- Interactive map of Kota Barrage
- Location: Chambal River, Rajasthan, India
- Purpose: Irrigation
- Status: Operational
- Construction began: 1954
- Opening date: 1960
- Owner: Government of India

Dam and spillways
- Type of dam: Earthfill dam with concrete spillway
- Spillway type: Concrete spillway

Reservoir
- Total capacity: 99,000,000 m^{3} (3.5×10^{9} cu ft)

= Kota Barrage =

Dam in Rajasthan, northern India

Kota Barrage is the fourth in the series of Chambal Valley Projects, located about 0.8 km upstream of Kota City in Rajasthan. Water released after power generation at Gandhi Sagar dam, Rana Pratap Sagar dam and Jawahar Sagar Dams, is diverted by Kota Barrage for irrigation in Rajasthan and in Madhya Pradesh through canals on the left and the right sides of the river. The work on this dam started in 1954 and was completed in 1960.

== Structure ==
The total catchment area of Kota Barrage is 27,332 km^{2}, of which the free catchment area below Jawahar Sagar Dam is just 137 km^{2}. The live storage is 99,000,000;cubic metres. It is an earthfill dam with a concrete spillway. The right and left main canals have a headworks discharge capacity of 188 and 42 m^{3}/s, respectively. The total length of the main canals, branches and distribution system is about 2,342 km, serving an area of 2,290 km^{2} of CCA. 50% of the water intercepted at Kota Barrage has been agreed to be diverted to Madhya Pradesh for irrigation. The barrage operates 19 gates to control flow of flood and canal water downstream, and serves as bridge between parts of Kota on both side of the river.

== Tourism ==
The massive flow/froth of water during opening of gates in monsoon season — and accompanying vibration of bridge — are particular attraction among locals.
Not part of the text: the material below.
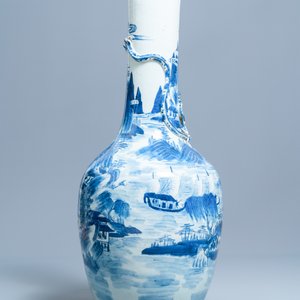 Een grote Chinese blauw-witte flesvormige vaas, 19e eeuw — foto 3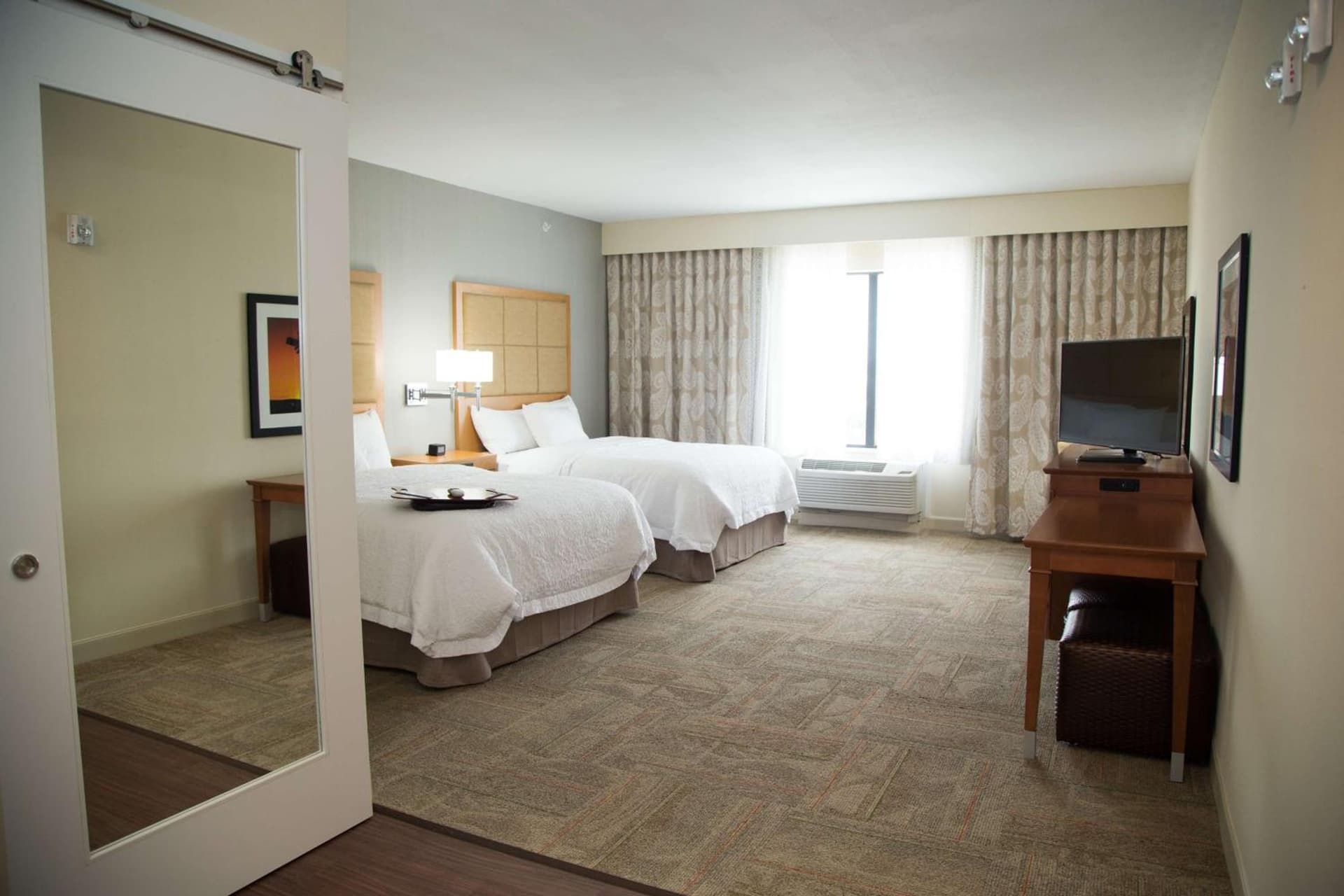 Hampton Inn and Suites by Hilton McKinney gallery photo in McKinney, TX — image 9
Though in past, mis- or non-communication about the discharge of water to residents near river bank has resulted in the loss of lives of people engaged in swimming or washing activities downstream.

Other places worth visiting nearby include Kansua temple with a four faced Shiva Lingam, Bhitria Kund, Adhar Shila, Budh Singh Bafna Haveli and Yatayat Park.